Keith Welks, Pennsylvania deputy treasurer, said that the treasurer’s office initially believed that there was an opportunity to generate a market-based return on investments in residential energy efficiency. The Pennsylvania Treasury Department worked with AFC to expand a regional program by making a $20 million commitment to purchase AFC-originated loans. He added, “We’ve modified the program as we’ve seen what works in the marketplace, what subsidy funds are available, and what quality assurance tests showed. We’ve been very pleased that during very difficult times for consumer loans AFC’s loans have proven to be among the best-performing fixed-income assets in our portfolio.”6
In addition, AFC underwrites and originates secured Keystone HELP loans of $5,000 to $35,000 for whole house improvements7 through the Renovate and Repair Loan Program of the Pennsylvania Housing Finance Agency (PHFA). The secured loans require a minimum FICO score of 6208 and a maximum debt-to-income ratio of 45 percent and are made at up to 120 percent loan-to-value ratios. The PHFA services the loans.
AFC has originated $11 million of secured loans, which have been purchased by the PHFA. These loans are made for qualifying improvements, and many require an energy audit to assess energy usage and recommend energy-efficiency measures. The secured Keystone HELP loans are the only secured energy-efficiency loans that AFC has made in the United States.
Krajsa said that “the most critical part” of AFC’s energy lending programs is the role of contractors. Improvements are performed by contractors who meet criteria such as a minimum of three years in operation, proper licensing, satisfactory business and personal credit references, and a reputation for a high level of service and workmanship. Contractors certified by the Building Performance Institute can perform whole house improvement projects with lower interest rates.
AFC pays contractors upon receipt of completion certificates from contractors as well as verbal confirmation from homeowners that the work was completed satisfactorily.
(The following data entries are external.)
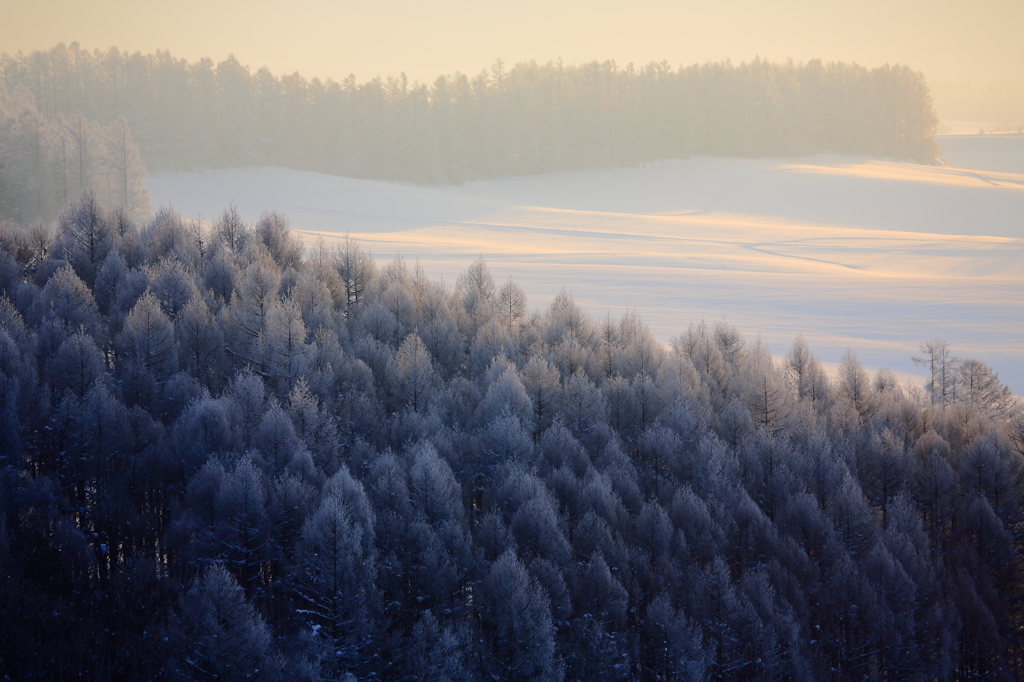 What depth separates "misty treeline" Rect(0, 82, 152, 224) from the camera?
2456 inches

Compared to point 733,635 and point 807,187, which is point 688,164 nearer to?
point 807,187

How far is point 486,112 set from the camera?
10738 cm

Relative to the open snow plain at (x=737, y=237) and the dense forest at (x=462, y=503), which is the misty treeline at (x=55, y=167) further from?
the dense forest at (x=462, y=503)

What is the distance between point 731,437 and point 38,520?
27228 millimetres

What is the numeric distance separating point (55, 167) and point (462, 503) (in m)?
51.7

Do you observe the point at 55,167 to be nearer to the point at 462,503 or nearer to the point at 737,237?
the point at 462,503

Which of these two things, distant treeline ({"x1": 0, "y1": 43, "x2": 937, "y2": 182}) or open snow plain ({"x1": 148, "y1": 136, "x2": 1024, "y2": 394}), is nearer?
open snow plain ({"x1": 148, "y1": 136, "x2": 1024, "y2": 394})

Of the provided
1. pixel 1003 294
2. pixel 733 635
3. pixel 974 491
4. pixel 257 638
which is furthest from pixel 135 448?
pixel 1003 294

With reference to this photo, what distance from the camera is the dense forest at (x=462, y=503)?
75.5ft

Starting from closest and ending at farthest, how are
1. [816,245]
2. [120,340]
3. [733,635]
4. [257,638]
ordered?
[257,638], [733,635], [120,340], [816,245]

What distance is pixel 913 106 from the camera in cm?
11025

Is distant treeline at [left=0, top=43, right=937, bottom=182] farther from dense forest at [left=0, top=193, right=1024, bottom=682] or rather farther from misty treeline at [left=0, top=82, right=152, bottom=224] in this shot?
dense forest at [left=0, top=193, right=1024, bottom=682]

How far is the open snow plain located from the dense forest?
1217 cm

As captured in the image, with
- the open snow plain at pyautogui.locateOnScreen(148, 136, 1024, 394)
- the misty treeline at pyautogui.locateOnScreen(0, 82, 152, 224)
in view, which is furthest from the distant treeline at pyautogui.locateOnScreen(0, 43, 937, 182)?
the misty treeline at pyautogui.locateOnScreen(0, 82, 152, 224)
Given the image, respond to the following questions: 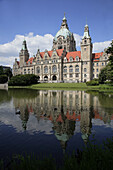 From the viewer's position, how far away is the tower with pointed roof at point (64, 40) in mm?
99875

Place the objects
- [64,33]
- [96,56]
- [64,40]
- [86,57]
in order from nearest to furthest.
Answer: [86,57]
[96,56]
[64,40]
[64,33]

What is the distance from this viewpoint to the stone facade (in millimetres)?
83625

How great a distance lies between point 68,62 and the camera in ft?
288

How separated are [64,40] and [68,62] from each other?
22.0m

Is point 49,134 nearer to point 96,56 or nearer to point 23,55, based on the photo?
point 96,56

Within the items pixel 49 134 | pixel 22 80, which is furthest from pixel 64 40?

According to Krajsa, AFC conducts 5 percent quality assurance on its loans.
Krajsa said, “One of the goals of the AFC loan program is to provide incentives to consumers and contractors to incorporate energy audits when possible, but mandating audits before consumers can get loans can be counterproductive to many consumers who need to make immediate, time-sensitive improvements. The most effective programs involve energy expertise, a managed and dedicated contractor network, and point-of-purchase financing; and many lenders, including community banks, do not have the infrastructure to effectively develop a platform to make state-subsidized energy loans. Many community banks, however, have seen an opportunity to buy participations in established energy loan pools as part of their investment portfolio.”